I was having dinner with a really well known and successful writer once, who you would assume would be incredibly confident and thick- skinned. She had just had a book published, and she’d read a review. And it wasn’t even so much that the review was positive, it’s that it was accurate. She told me that after she read it, she felt so seen that she cried. I think that Bella would feel… I mean, I haven’t read it, so I don’t know. But I think if it were accurate, I think she would be moved.
To feel validated is moving, but opinion is a slippery thing. Just the other night, I was at my daughter’s parent-teacher conference. I sometimes feel shy in those situations — I’m a single parent, so I was standing there by myself. A man walked up to me and said, “Am I allowed to tell you I liked you show?” And I was like, “Oh my gosh, thank you.” And then he goes, “You know what? I really didn’t want to like it.” I was like, “What do you mean?” And he said, “Well, I’ve seen you before. And I just never really liked you.” You know that feeling when your face gets kind of hot? I think I just started babbling and turned around.
If you put things out there in the world, like a book, or a performance, people think you should expect to hear their opinion. I’m guilty of this myself sometimes — I’ll realize that I’m wielding my opinion as though it matters, and then I feel embarrassed. Because it can be really hurtful. I once wrote something snarky about somebody in a magazine, and when I saw it in print I was mortified. I vowed I would never again refer to any human being without at least a modicum of respect.
On another note, you brought your kids to the premiere. What was it like having them there, and what did they think of your performance?
My kids have only been publicly photographed a few times in their life, because I never wanted that for them. But I brought them to the premiere because I felt like it was time — so it didn’t become some kind of “thing.” I wanted it to feel normal. But my son at that point had already seen the show six times.

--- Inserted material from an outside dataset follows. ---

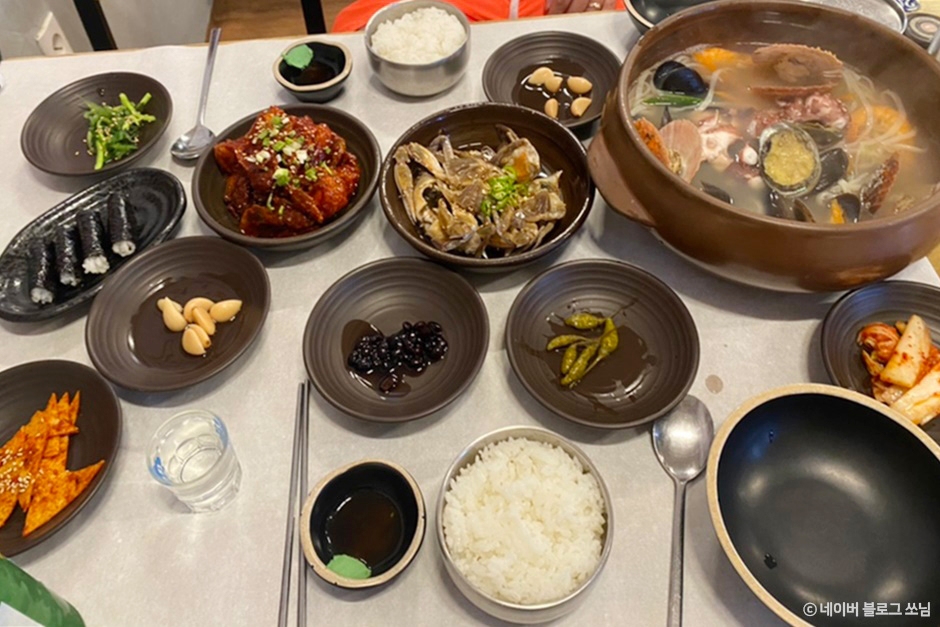 해물듬뿍칼국수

He loves to be in the theater — he actually came again yesterday. But my daughter — it was the first time she’d seen it, and she loved it. Afterwards she told me, “you know what, I teared up at the end, Mom.” My family’s opinion has always been the biggest validation for me. My dad’s not here anymore, but when he would come backstage after a show, or when I would see my mom stand up at a curtain call, or when my kids tell me they’re proud… there’s nothing that will top that for me.
With Thanksgiving coming up, are there any traditions you and your family have?
We have the best Thanksgiving tradition. We all write haikus! My older brother Jay, who is the academic of the family, loves Japanese literature. We’re kind of a “nerdy wordy” family. So he got me and our family into the whole Haiku thing a long time ago. When my kids were really little, I made it an official Thanksgiving requirement, and I would write theirs down for them. We also all get leaves and we write things that we’re thankful for on them, and we hang them on a tree throughout the day. Then, during dinner, we pass the leaves around and read them out loud, and then we read the haikus and try to guess who wrote them. I’ve saved all of them. The haikus are my favorite part of the whole day.
That sounds lovely. But lastly: Rumor has it that “Weeds” is getting a reboot — anything you can tell us about that?
I hope it happens! I hope people would want to watch it. I love those actors — I miss them all so much. But as far as the story, I’m curious as to what people would want the new show to be, because I don’t think it’s even been written yet. Now that marijuana is legal most places, you take away that tension. It kind of destroys the plot, right? So they’d have to replace it with something else, or somehow make it even bigger. I think maybe she could be a narc. We’ll see.
This interview has been edited and condensed.